The mass of a stellar black hole can be deduced by observing the orbital acceleration of a star as it orbits its unseen companion. Likewise, the mass of a supermassive black hole can be determined by using the orbital acceleration of gas clouds swirling around the central black hole. When orbital acceleration cannot be used to establish the mass of a black hole, astronomers can place a lower limit on its mass by measuring the X-ray luminosity due to matter falling into a black hole. The pressure of the outflowing X-rays must be less than the pull of the black hole's gravity on the inflowing matter.
This technique was used to estimate the mass of a black hole discovered in a dense star cluster about 600 light years from the center of the galaxy M82. Astronomers found that the mass of the black hole must be greater than 500 Suns. This is much more massive than known stellar black holes, and much smaller than supermassive black holes, so it is called a "mid-mass" black hole.

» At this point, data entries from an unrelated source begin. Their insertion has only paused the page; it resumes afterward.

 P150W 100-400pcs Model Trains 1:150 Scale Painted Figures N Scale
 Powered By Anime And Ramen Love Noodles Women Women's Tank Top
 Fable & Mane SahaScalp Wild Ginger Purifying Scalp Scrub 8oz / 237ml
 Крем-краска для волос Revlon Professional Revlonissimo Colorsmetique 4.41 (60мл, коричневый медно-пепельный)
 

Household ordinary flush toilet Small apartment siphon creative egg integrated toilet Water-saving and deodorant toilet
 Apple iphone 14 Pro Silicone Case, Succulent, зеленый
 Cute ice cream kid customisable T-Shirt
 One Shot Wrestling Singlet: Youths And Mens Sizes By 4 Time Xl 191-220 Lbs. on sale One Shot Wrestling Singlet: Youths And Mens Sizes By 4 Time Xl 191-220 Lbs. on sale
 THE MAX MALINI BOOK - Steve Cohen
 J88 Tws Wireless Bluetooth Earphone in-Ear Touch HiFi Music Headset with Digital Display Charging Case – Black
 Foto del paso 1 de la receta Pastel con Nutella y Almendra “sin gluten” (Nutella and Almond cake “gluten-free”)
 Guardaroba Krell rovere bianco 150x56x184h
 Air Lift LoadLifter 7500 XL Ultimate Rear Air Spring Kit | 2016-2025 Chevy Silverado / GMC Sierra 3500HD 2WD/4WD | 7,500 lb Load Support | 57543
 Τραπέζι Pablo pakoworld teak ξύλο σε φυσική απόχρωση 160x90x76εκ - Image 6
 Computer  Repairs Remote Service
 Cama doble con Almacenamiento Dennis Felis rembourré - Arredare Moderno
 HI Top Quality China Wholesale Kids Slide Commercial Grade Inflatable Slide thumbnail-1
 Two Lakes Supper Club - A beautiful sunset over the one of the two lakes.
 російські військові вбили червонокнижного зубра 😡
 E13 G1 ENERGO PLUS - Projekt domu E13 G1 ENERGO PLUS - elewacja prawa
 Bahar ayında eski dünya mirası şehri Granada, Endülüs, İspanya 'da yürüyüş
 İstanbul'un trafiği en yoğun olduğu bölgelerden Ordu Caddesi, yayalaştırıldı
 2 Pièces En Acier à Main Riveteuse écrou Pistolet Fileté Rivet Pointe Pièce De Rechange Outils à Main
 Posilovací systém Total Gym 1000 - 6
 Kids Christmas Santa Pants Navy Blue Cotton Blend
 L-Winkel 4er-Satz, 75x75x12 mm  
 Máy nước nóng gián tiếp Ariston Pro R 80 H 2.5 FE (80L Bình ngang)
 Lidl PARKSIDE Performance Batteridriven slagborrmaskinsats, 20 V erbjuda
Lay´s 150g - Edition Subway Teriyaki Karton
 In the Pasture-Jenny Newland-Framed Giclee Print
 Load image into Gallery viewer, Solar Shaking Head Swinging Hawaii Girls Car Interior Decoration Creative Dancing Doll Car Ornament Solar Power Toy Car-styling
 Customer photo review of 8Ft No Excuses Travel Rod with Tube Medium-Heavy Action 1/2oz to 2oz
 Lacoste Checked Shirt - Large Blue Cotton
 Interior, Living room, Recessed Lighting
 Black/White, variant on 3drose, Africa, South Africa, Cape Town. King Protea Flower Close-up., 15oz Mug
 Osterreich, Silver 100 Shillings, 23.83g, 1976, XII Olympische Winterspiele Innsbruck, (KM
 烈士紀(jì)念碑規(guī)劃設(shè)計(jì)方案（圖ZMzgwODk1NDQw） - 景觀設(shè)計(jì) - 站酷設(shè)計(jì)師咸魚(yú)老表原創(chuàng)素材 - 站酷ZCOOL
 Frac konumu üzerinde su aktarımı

Astrophysicists had come to believe that galactic centers were the only places where conditions were right for the formation and growth of large or very large black holes. The discovery of a large, mid-mass black hole located away from the galaxy's center, shows that somehow large black holes can also form in dense star clusters. Current possible explanations for the formation of mid-mass black holes include the mergers of scores of stellar black holes, or the collapse of a superstar. Another possibility is that the X-rays produced by infall into the black hole are beamed toward the Earth. This would reduce the overall output of X-rays from the source, and reduce the mass needed to overcome the pressure of the outflowing X-rays to a value consistent with stellar mass black holes.